■ ACTIVITY:
Reproduce exactly the line with "Lincoln MKZ 2010" and every line that follows it below, up to and including the last one. Do not include pictures or anything else.

■ DATASET EXCERPT:

--- START ---

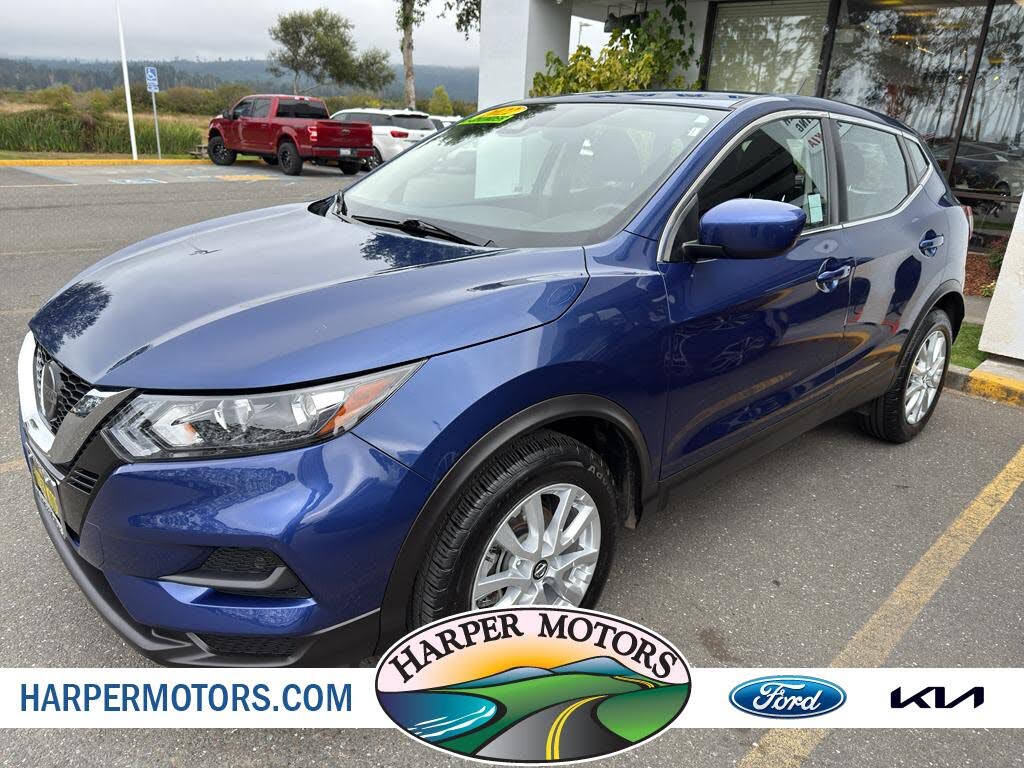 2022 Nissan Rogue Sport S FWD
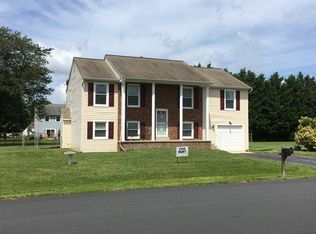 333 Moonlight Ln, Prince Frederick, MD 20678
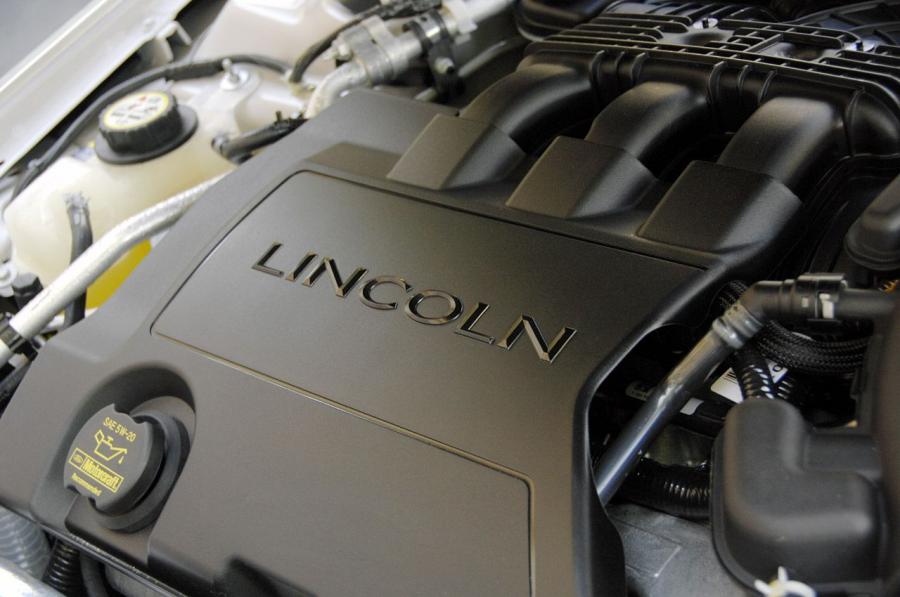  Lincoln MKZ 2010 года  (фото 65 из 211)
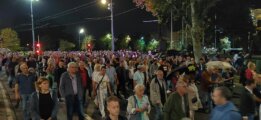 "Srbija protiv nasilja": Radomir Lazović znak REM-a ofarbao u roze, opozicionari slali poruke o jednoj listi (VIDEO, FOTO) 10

--- END ---

■ EXERCISE OUTPUT:
  Lincoln MKZ 2010 года  (фото 65 из 211)
 "Srbija protiv nasilja": Radomir Lazović znak REM-a ofarbao u roze, opozicionari slali poruke o jednoj listi (VIDEO, FOTO) 10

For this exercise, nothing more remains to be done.